I'm in troubles with a multithreading java program. The program consists of a splitted sum of an array of integers with multithreads and than the total sum of the slices. The problem is that computing time does not decrements by incrementing number of threads (I know that there is a limit number of threads after that the computing time is slower than less threads). I expect to see a decrease of execution time before that limit number of threads (benefits of parallel execution). I use the variable fake in run method to make time "readable".
public class MainClass {
private final int MAX_THREAD = 8;
private final int ARRAY_SIZE = 1000000;
private int[] array;
private SimpleThread[] threads;
private int numThread = 1;
private int[] sum;
private int start = 0;
private int totalSum = 0;
long begin, end;
int fake;
MainClass() {
fillArray();
for(int i = 0; i < MAX_THREAD; i++) {
threads = new SimpleThread[numThread];
sum = new int[numThread];
begin = (long) System.currentTimeMillis();
for(int j = 0 ; j < numThread; j++) {
threads[j] = new SimpleThread(start, ARRAY_SIZE/numThread, j);
threads[j].start();
start+= ARRAY_SIZE/numThread;
}
for(int k = 0; k < numThread; k++) {
try {
threads[k].join();
} catch (InterruptedException e) {
e.printStackTrace();
}
}
end = (long) System.currentTimeMillis();
for(int g = 0; g < numThread; g++) {
totalSum+=sum[g];
}
System.out.printf("Result with %d thread-- Sum = %d Time = %d\n", numThread, totalSum, end-begin);
numThread++;
start = 0;
totalSum = 0;
}
}
public static void main(String args[]) {
new MainClass();
}
private void fillArray() {
array = new int[ARRAY_SIZE];
for(int i = 0; i < ARRAY_SIZE; i++)
array[i] = 1;
}
private class SimpleThread extends Thread{
int start;
int size;
int index;
public SimpleThread(int start, int size, int sumIndex) {
this.start = start;
this.size = size;
this.index = sumIndex;
}
public void run() {
for(int i = start; i < start+size; i++)
sum[index]+=array[i];
for(long i = 0; i < 1000000000; i++) {
fake++;
}
}
}
As a general rule, you won't get a speedup from multi-threading if the "work" performed by each thread is less than the overheads of using the threads.

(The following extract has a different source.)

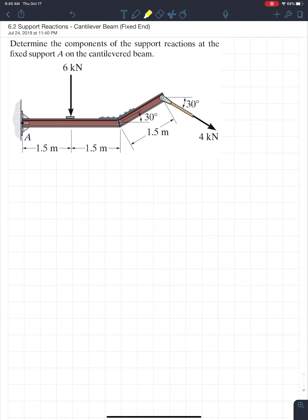Welcome back to another INCH 130 video tutorial. We're going to continue with support reactions, but this time we're going to talk about a cantilever beam. A cantilever beam is supported on only one end and hangs out over a large span. To create that large span we need to restrict the rotation at one end, so usually one end is fixed.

One of the overheads is the cost of starting a new thread. This is surprisingly high. Each time you start a thread the JVM needs to perform syscalls to allocate the thread stack memory segment and the "red zone" memory segment, and initialize them. (The default thread stack size is typically 500KB or 1MB.) Then there are further syscalls to create the native thread and schedule it.

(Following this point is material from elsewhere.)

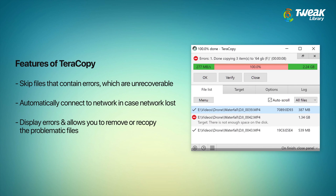If the file isn't recoverable, then it will skip that file instead of terminating the whole transfer. It will automatically connect to the network to start transferring files in case the network is lost. It will display all detected errors and allows you to remove or retry copying the problematic files.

In this example, you have 1,000,000 elements to sum and you divide this work among N threads. As N increases, the amount of work performed by each thread decreases.
It is not hard to see that the time taken to sum 1,000,000 elements is going to be less than the time needed to start 4 threads ... just based on counting the memory read and write operations. Then you need to take into account that the child threads are created one at a time by the parent thread.
If you do the analysis completely, it is clear that there is a point at which adding more threads actually slows down the computation even if you have enough to cores to run all threads in parallel. And your benchmarking seems to suggest1 that that point is around about 2 threads.
By the way, there is a second reason why you may not get as much speedup as you expect for a benchmark like this one. The "work" that each thread is doing is basically scanning a large array. Reading and writing arrays will generate requests to the memory system. Ideally, these requests will be satisfied by the (fast) on-chip memory caches. However, if you try to read / write an array that is larger than the memory cache, then many / most of those requests turn into (slow) main memory requests. Worse still, if you have N cores all doing this then you can find that the number of main memory requests is too much for the memory system to keep up .... and the threads slow down.
The bottom line is that multi-threading does not automatically make an application faster, and it certainly won't if you do it the wrong way.
In your example:
1 - I don't understand the point of the "fake" computation. It probably invalidates the benchmark, though it is possible that the JIT compiler optimizes it away.